Built ca 1900. Probably by Jacob Shattuck.
An odd, and probably doomed, Queen Anne on the Falmouth line.
It was once farmland. When William Shattuck purchased the land in 1857, it ran all the way to the Presumpscot and included all rights for ‘fish and fowl’. It also allowed for the Gray Road to run through it. The road now runs next to it under the Ocean Avenue moniker. William was a ‘submarine engineer’ and a resident of Westbrook. Our subject property was in Westbrook at that time. William’s son Jacob operated a steam dredging business out of East Deering village. After William’s death in 1872, Jacob retired and went to farming along the Presumpscot River. In time, he amassed over 200 acres in the area. When 1040 Ocean Avenue was sold in 1907, the sellers were Jacob and Martha Shattuck.
The current tax assessors data says it was built in 1790. This is certainly way, way off. Shattuck’s deed of 1857 states he purchased land and no buildings are mentioned. In 1924, the assessment data gave a build date of 1900 and that’s more believable. The 1924 information is helpful again in that the sketch of the house shows it as originally built and is annotated to show the changes made and when they were made.
The first item of note is the lack of a turret in the sketch. An odd oversight. Then there is the little extension on the north side.
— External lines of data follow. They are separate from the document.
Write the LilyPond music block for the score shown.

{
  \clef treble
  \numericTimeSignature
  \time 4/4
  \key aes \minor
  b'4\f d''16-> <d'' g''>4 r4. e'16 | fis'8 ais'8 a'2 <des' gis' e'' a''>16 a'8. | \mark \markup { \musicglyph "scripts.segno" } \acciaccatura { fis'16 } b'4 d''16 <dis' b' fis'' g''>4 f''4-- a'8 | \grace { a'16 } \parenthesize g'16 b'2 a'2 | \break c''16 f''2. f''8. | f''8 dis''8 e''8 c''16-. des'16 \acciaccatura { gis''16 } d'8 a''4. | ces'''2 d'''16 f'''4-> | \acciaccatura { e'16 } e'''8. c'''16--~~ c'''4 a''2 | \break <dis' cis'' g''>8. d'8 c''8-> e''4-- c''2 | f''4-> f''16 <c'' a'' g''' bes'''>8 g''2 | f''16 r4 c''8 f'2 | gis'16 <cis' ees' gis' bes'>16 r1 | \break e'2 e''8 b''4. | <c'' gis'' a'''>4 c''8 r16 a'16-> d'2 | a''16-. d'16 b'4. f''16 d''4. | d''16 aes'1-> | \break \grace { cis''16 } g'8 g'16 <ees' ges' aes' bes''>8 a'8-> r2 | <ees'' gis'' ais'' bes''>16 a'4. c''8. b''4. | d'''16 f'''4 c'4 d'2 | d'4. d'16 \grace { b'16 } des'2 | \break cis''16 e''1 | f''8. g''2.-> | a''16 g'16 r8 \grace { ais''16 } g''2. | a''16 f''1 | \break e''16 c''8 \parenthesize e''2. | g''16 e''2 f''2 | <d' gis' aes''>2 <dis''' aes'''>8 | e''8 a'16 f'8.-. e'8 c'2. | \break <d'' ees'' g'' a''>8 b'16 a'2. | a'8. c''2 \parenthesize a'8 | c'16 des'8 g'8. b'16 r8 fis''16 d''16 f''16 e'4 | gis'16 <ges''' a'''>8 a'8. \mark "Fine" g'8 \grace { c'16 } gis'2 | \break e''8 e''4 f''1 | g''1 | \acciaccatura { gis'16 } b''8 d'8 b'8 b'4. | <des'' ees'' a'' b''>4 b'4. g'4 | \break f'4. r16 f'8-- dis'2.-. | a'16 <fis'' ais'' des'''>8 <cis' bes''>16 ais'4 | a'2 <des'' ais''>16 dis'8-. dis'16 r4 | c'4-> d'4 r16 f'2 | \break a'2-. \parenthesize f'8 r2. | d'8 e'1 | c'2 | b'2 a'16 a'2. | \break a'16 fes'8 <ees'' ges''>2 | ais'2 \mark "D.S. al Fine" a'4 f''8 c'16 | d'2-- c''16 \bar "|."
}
At a bit over 3 feet wide with a flat roof and resting on posts, I can only think ‘privy’. Lastly, and most importantly, it notes the almost complete alteration of everything west of, and including, the entry.
Joseph Libby Jr purchased 1040 Ocean Avenue in 1906. He had been born in Malden Massachusetts in 1861. Ida Libby was born in Corinna in 1856. They married in Portsmouth NH in 1896 and had no children. Joseph had been wed previously his first wife having passed in 1894. They farmed the land for much of their time on it. Ida died in 1926 and Joseph in 1938. He sold the property to Melvin Cook of Baldwin in 1937.
The notes on the 1924 records state that everything west of the entry was removed and replaced with a one-story barn/stables on posts. But it could be that from the barn door as the current west facade seems to show some of the second story is still there. It was a pretty substantial hack to the facade and, combined with later alterations, has destroyed any semblance of balance that was once there.
Why Melvin Cook would want to purchase 1040 Ocean Avenue is mysterious. He was a somewhat successful farmer in Baldwin in Western Cumberland County. This was the only property he ever purchased in the city. The 1942 city directory shows Joseph Libby’s son Walter living and farming the property. It could be Melvin was a family friend who acted to ‘save’ the property as Joseph’s health declined. He may have leased it to Walter but there is no such document on record.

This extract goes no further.